EXERCISE
Starting with the line that contains "环县黑山羊整只羊肉新鲜羊排羊腿现杀烤全羊宁夏滩羊白条羊肉批发", copy every line through the end of the listing, exactly and only those. No pictures should appear in the copy.

GIVEN DATA

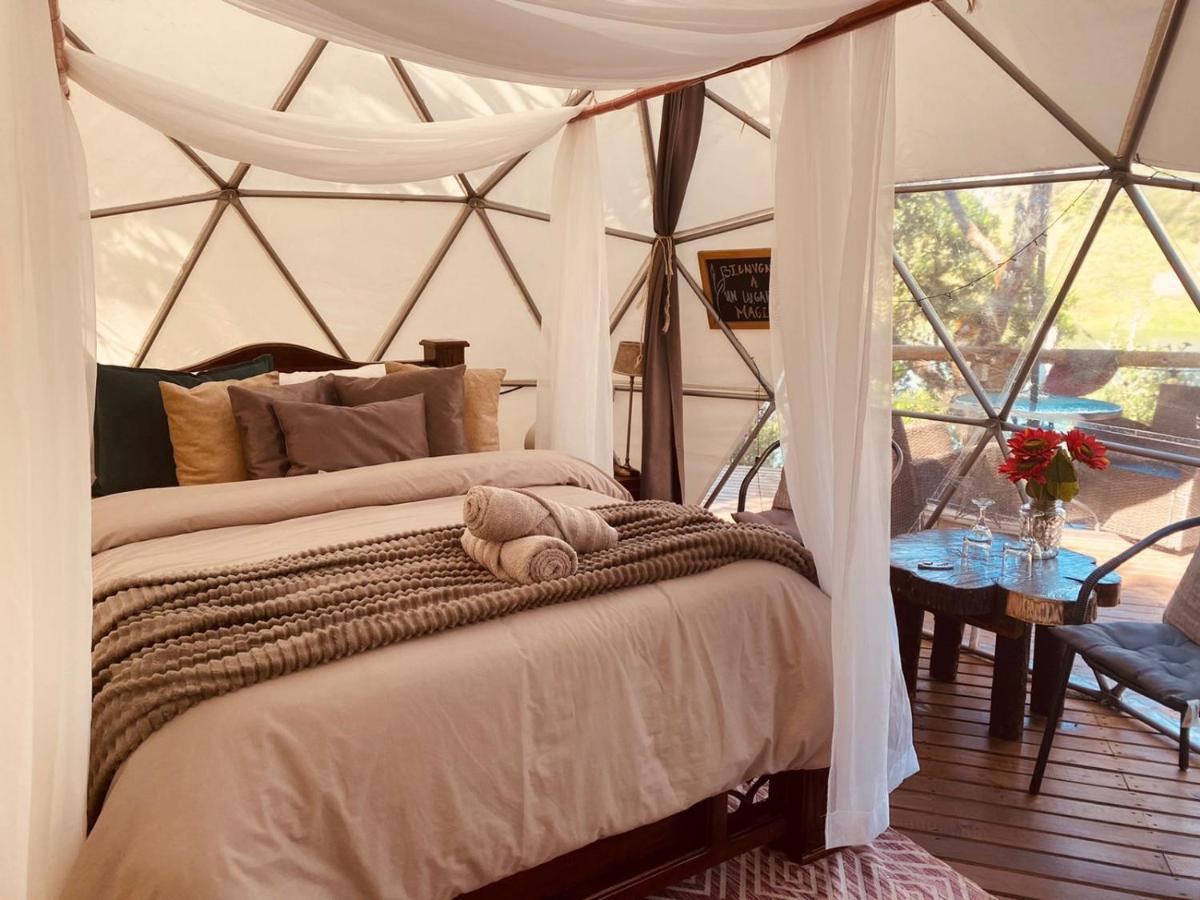 Celeste Glamping Guatape Hotel ภายนอก รูปภาพ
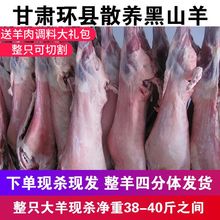 环县黑山羊整只羊肉新鲜羊排羊腿现杀烤全羊宁夏滩羊白条羊肉批发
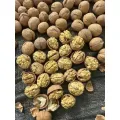 Nozes brancas premium com casca sabor natural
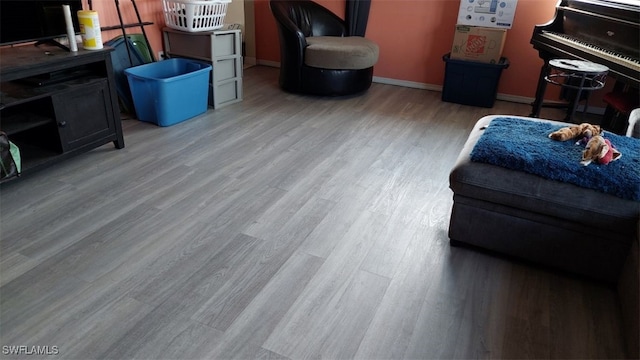 living room featuring light wood-type flooring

WRITTEN SOLUTION
 环县黑山羊整只羊肉新鲜羊排羊腿现杀烤全羊宁夏滩羊白条羊肉批发
 Nozes brancas premium com casca sabor natural
 living room featuring light wood-type flooring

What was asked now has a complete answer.